Q: Faked religious objects go back a long way, don't they? Isn't it kind of an old tradition?

A: Absolutely, this goes back to the earliest roots of Christianity and probably earlier. People in the Middle Ages traveled places to see relics. It's just more high-tech now with global media coverage.

Q: Where do things stand with the forgery trial?

A: Well, the prosecution rested its case in the spring after calling about 70 experts to testify about the ossuary being a fake. A lot of scientific people have come forward and both sides are fighting tooth and nail. The defense is supposed to present its case, have its experts present their evidence by the end of October. But Israeli court cases are complicated … and it looks like the trial won't be over any time soon.

Q: Regardless of the trial's outcome, what do you think the story of the James Ossuary says about biblical archaeology as a field?

A: I've come to realize that archaeology can be seen as a very subjective science. It has a lot of objective aspects, measurements, dating and so on, but especially in biblical archaeology people bring a lot of prior assumptions to bear in their work, whether the Bible was real or not, and those can be very difficult to sort out.

Things are a whole lot more political than I ever suspected. Not just theology-minded people who are interested in artifacts like the ossuary, but Israeli nationalists who believe that evidence of ancient habitation of the Holy Land would lead to a larger Israel. The field archaeologists even joke about it, 'Oh no, I didn't find a mikvah (a ritual bath in Judaism), I found a church.

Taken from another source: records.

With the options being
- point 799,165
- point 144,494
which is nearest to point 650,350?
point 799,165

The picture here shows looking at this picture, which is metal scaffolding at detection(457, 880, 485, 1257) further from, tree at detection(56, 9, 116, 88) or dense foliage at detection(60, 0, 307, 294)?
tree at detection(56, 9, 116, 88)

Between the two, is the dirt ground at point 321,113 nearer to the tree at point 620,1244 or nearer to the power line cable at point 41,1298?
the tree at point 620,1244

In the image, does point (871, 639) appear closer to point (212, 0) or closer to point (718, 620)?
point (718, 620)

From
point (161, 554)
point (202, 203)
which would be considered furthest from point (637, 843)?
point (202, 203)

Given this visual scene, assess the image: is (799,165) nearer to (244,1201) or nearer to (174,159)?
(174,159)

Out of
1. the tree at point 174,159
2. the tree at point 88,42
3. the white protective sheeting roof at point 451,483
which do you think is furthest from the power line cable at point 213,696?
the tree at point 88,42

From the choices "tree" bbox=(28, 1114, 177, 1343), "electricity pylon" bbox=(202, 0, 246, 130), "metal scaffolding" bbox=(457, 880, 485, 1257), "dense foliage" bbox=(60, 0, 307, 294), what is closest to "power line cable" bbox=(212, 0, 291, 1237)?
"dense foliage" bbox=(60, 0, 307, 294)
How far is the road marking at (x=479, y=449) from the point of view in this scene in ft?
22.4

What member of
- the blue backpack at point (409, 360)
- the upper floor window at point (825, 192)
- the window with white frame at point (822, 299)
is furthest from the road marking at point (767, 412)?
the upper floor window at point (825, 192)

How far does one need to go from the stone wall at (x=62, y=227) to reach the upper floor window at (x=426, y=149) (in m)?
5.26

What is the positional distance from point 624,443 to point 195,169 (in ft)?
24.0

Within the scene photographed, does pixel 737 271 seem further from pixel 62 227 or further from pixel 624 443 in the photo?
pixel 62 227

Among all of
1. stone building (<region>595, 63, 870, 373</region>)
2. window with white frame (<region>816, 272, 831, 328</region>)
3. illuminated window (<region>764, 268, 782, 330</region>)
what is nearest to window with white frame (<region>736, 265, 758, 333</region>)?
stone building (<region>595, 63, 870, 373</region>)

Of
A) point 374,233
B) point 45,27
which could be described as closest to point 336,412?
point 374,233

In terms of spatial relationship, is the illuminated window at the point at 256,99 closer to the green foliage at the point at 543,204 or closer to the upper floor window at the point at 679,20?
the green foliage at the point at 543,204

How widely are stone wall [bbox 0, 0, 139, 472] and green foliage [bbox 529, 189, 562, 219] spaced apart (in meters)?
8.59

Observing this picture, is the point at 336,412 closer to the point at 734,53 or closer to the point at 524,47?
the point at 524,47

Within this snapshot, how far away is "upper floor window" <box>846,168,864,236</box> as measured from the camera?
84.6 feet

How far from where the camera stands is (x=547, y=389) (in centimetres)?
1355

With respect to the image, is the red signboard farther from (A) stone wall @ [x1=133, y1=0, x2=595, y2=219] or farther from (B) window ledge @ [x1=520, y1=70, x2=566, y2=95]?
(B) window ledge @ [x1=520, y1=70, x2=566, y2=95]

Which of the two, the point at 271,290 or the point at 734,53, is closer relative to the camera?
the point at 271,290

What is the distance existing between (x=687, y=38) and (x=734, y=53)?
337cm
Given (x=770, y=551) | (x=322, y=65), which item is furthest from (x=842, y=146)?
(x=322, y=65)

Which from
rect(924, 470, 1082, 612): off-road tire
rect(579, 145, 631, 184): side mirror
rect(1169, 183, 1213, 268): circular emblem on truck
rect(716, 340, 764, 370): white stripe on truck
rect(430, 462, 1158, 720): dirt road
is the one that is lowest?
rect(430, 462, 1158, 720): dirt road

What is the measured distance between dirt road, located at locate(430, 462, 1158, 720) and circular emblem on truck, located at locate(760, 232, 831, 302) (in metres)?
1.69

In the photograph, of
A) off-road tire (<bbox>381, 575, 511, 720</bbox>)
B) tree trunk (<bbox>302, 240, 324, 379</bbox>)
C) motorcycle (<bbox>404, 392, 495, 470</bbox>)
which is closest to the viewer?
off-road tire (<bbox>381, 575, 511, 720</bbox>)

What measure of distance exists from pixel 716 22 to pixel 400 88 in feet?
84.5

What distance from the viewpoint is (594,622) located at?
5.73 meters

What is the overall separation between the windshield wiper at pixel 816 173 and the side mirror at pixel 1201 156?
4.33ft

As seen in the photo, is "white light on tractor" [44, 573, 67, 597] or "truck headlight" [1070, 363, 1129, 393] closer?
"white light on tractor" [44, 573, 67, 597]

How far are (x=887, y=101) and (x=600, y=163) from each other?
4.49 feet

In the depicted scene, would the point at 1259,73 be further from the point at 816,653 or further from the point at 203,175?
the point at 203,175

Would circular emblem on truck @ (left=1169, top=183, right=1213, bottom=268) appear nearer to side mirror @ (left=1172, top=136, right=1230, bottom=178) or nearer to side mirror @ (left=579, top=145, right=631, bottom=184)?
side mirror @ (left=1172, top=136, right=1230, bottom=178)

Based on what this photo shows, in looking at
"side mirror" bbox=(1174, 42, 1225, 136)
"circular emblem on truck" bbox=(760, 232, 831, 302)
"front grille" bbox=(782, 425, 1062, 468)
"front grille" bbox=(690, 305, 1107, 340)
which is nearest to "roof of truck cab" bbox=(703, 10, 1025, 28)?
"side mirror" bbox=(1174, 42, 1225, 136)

I'm going to lose my funding.'

The apotheosis of the whole thing is at (Jerusalem's) Temple Mount, where the Muslim religious authority doesn't want any digging under a sacred site and others would like to find evidence of Solomon's Temple buried there. It is an incredibly tense, trip-wire place and these questions quickly become very dangerous ones.

Q: What about funding? Aren't collectors or enthusiasts funding digs and antiquities dealers having a role in scholarly debates an unhealthy situation for archaeology?

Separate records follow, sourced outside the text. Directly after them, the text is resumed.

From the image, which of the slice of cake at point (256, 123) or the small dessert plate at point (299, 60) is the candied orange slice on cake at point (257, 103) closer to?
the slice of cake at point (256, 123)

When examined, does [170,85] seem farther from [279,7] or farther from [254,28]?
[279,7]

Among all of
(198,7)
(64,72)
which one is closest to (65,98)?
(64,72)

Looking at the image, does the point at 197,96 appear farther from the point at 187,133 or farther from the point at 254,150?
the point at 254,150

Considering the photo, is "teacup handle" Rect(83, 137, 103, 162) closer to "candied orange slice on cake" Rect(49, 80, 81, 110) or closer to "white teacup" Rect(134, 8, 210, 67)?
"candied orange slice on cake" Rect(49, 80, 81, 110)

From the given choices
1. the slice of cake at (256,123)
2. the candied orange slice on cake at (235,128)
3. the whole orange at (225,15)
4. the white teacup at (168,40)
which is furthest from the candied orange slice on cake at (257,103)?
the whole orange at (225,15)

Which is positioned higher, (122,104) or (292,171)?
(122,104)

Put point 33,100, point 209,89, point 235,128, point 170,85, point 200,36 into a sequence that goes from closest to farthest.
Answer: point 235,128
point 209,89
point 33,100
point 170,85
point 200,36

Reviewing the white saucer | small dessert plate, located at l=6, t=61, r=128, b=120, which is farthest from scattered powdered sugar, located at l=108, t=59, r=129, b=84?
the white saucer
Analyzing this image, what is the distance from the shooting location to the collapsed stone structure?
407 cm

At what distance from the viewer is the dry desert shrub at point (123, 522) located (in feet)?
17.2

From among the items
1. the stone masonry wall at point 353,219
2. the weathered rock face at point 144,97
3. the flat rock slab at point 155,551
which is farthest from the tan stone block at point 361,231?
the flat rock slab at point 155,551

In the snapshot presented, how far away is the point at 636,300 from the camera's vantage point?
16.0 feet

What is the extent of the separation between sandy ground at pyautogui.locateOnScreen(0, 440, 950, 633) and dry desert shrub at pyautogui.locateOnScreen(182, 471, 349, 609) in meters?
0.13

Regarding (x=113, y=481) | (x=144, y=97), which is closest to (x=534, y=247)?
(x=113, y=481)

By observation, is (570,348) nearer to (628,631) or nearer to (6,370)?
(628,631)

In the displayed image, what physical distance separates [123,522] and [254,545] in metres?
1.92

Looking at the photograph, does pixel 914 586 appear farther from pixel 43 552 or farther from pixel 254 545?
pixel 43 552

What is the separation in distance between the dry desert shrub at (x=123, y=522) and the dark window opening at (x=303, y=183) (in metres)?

A: Archaeologists in the region have a problem, and they know it, in that antiquity collectors and people with some interest in a particular view of the Bible fund some of their work. Shelby White, a wealthy New York collector, just funded a major university archaeology department, for example. So they are torn. They see collectors as raping sites for cool stuff to decorate their apartments and on the other hand, they need the money. They have quite a conundrum.

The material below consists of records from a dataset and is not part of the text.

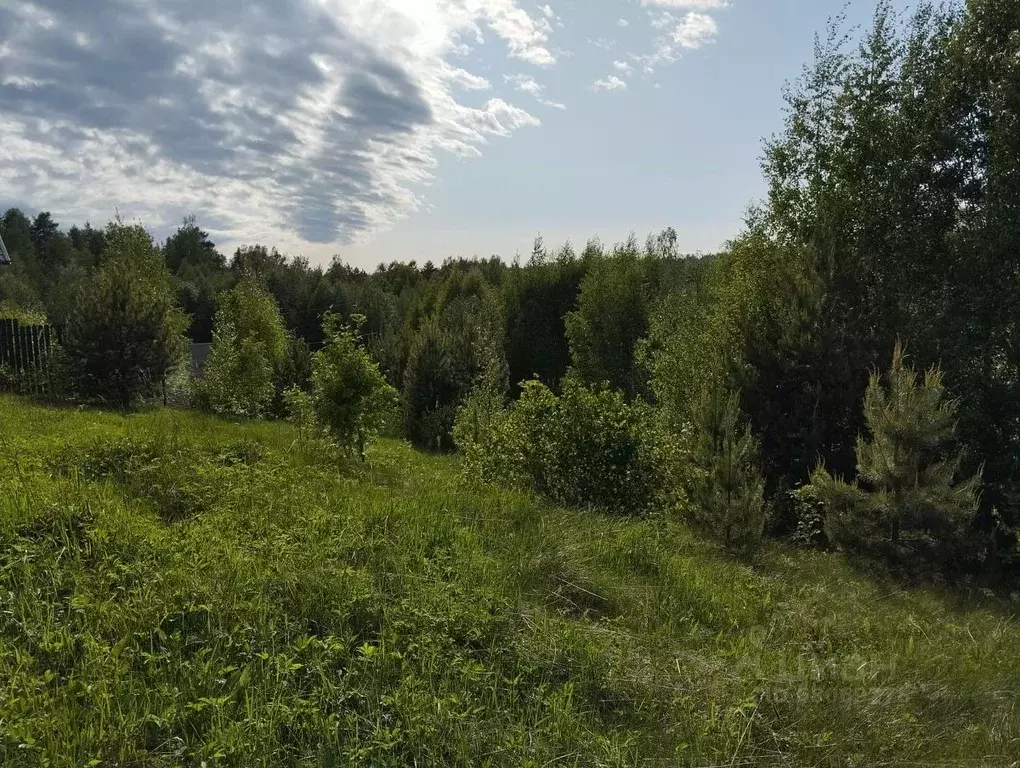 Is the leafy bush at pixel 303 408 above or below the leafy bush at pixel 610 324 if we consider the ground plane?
below

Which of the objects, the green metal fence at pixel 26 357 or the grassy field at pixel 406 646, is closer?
the grassy field at pixel 406 646

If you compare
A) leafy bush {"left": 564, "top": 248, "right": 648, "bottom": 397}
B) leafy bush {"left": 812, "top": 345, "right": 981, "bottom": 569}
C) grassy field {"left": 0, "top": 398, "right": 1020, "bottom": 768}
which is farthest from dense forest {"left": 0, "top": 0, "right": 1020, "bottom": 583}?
leafy bush {"left": 564, "top": 248, "right": 648, "bottom": 397}

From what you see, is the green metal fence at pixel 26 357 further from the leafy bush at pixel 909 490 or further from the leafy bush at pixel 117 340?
the leafy bush at pixel 909 490

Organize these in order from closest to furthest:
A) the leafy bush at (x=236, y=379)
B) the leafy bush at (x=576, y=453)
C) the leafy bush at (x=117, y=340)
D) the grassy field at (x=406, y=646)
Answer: the grassy field at (x=406, y=646)
the leafy bush at (x=576, y=453)
the leafy bush at (x=117, y=340)
the leafy bush at (x=236, y=379)

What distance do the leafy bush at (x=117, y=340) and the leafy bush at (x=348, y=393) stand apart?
551 centimetres

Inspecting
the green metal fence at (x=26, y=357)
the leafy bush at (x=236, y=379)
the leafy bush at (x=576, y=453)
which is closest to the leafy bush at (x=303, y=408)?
the leafy bush at (x=576, y=453)

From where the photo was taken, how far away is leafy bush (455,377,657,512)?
9289 millimetres

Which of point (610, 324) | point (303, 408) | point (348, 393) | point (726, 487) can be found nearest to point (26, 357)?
point (303, 408)

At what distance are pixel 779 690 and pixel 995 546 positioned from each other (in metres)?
7.82

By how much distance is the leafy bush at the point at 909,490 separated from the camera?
8406mm

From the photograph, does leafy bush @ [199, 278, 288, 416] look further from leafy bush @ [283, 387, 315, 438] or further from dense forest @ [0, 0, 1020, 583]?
leafy bush @ [283, 387, 315, 438]

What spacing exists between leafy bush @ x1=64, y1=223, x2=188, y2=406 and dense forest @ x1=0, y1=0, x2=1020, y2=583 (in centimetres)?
4

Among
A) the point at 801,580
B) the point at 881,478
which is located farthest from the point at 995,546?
the point at 801,580

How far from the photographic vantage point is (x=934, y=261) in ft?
44.5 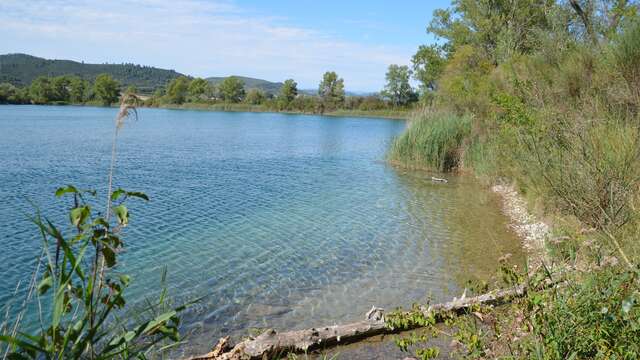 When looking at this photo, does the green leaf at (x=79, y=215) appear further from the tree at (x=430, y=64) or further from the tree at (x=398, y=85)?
the tree at (x=398, y=85)

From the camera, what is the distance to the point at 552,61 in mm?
13477

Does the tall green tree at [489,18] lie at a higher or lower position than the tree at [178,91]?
higher

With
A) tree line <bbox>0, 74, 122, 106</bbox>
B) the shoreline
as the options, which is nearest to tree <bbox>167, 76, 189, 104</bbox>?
the shoreline

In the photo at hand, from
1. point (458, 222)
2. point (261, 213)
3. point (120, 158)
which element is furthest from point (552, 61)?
point (120, 158)

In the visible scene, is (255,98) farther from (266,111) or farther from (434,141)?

Was I surprised by this? No, money talks everywhere. And I am a New Yorker.

Q: How does this affect the archaeology we see?

A: Biblical archaeology is really a small community. Everybody knows everybody. I think the people out in the field are just trying to honestly report what they find. When you get away from the field, things get complicated.

Q; Where do you come down on the James Ossuary?

A: I don't have a science background. My sense is that the people presenting evidence of fraud have a pretty good case.

It's important to say that Oded Golan maintains his innocence and the trial is still not over.

Q: Even if a lot of this stuff is phony, why should we care about rich guys buying forged biblical artifacts?

A: Seems like a victimless crime if a wealthy collector like Shlomo Moussaieff (who dealt with Deutsch) wants to have something possibly fake in his apartment. But when dealers and forgers toy with believers, and what they do to belief systems, is kind of a problem. That's just wrong. It's a scam: Forgers take money from gullible believers that would have gone in the collection plate to help people.

And they are distorting the truth. Especially in writing, we need in situ findings to have an accurate account of history.

Finally, the forgers are really playing with fire, things are so tense in East Jerusalem, to throw fake biblical artifacts into the mix puts gasoline on the flames there.